(Dataset section begins)

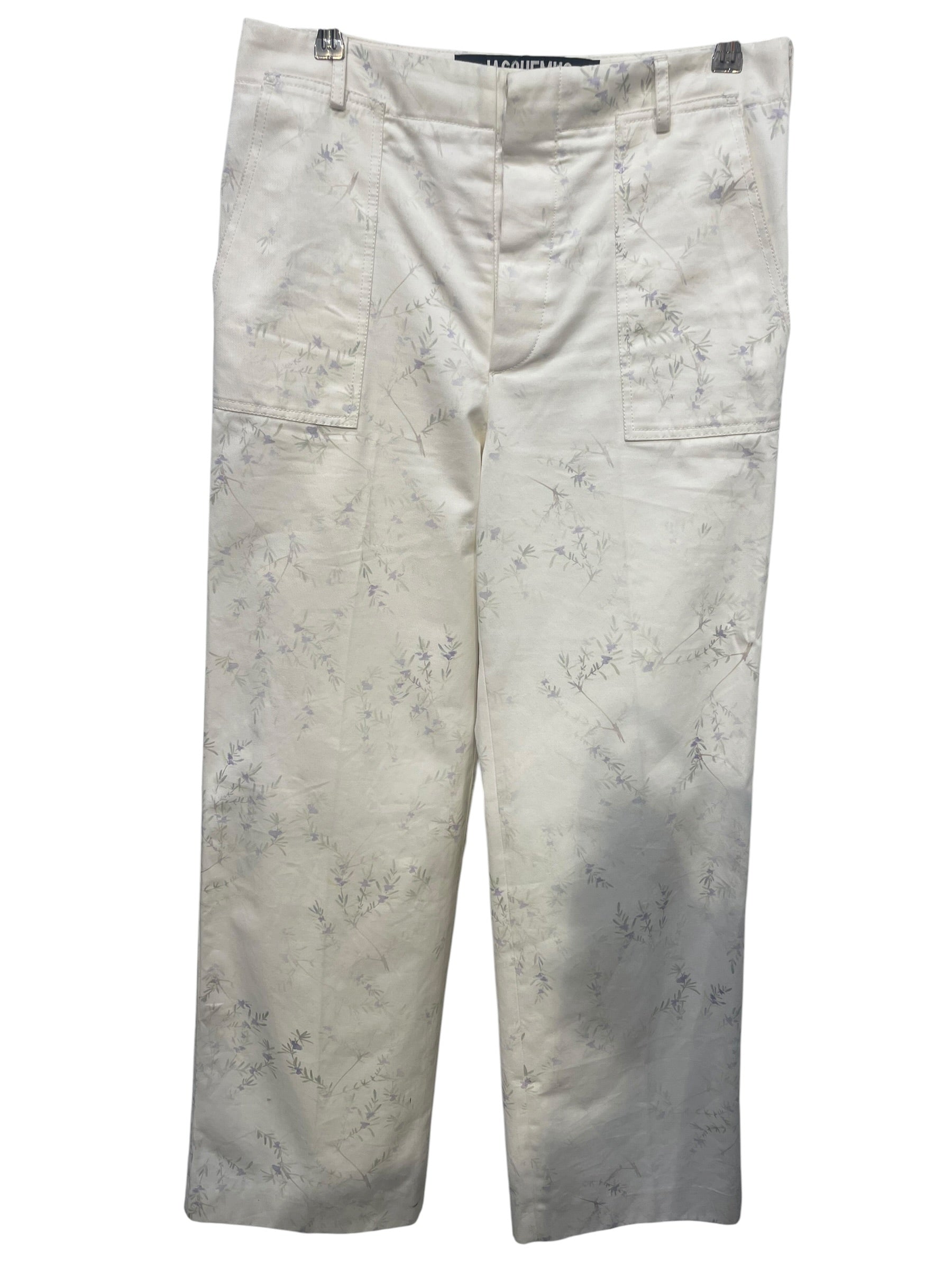 JACQUEMUS/Straight Pants/48/Cotton/CRM/Floral Pattern/ view 1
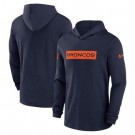 Men's Denver Broncos Navy Sideline Hoodie Performance Long Sleeve T Shirt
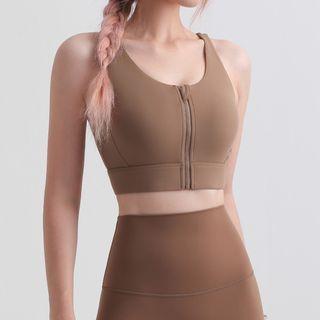 Zip-up Crop Sports Tank Top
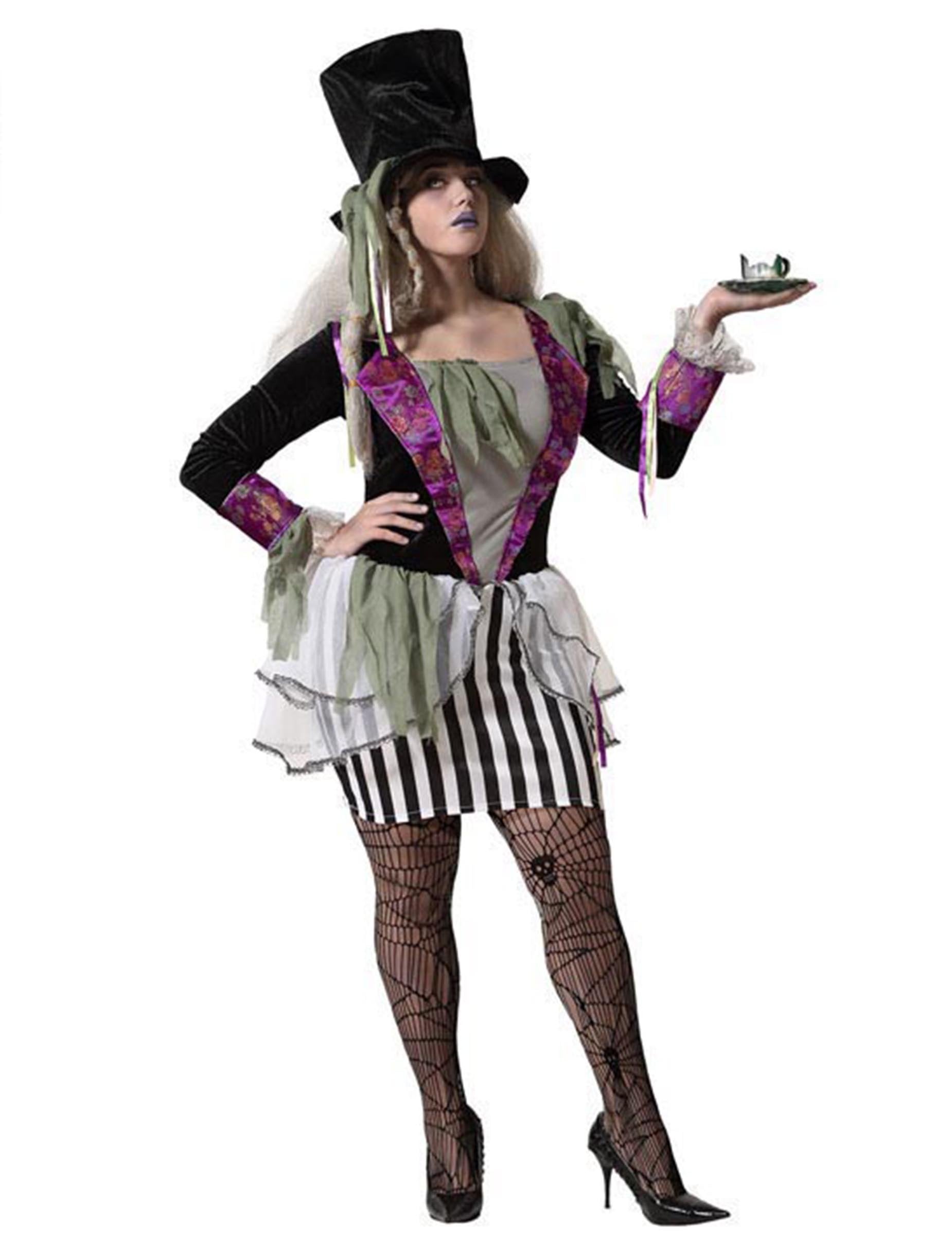 Déguisement chapelier sombre pour femme noir et violet avec jupe rayée et chapeau haut de forme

(Dataset section ends)

Work instruction:
Please retype, exactly as they appear, the lines from the one with "Men's Denver Broncos" through the final line of the material, both included, and drop any pictures.

Result of this exercise:
 Men's Denver Broncos Navy Sideline Hoodie Performance Long Sleeve T Shirt
 Zip-up Crop Sports Tank Top
 Déguisement chapelier sombre pour femme noir et violet avec jupe rayée et chapeau haut de forme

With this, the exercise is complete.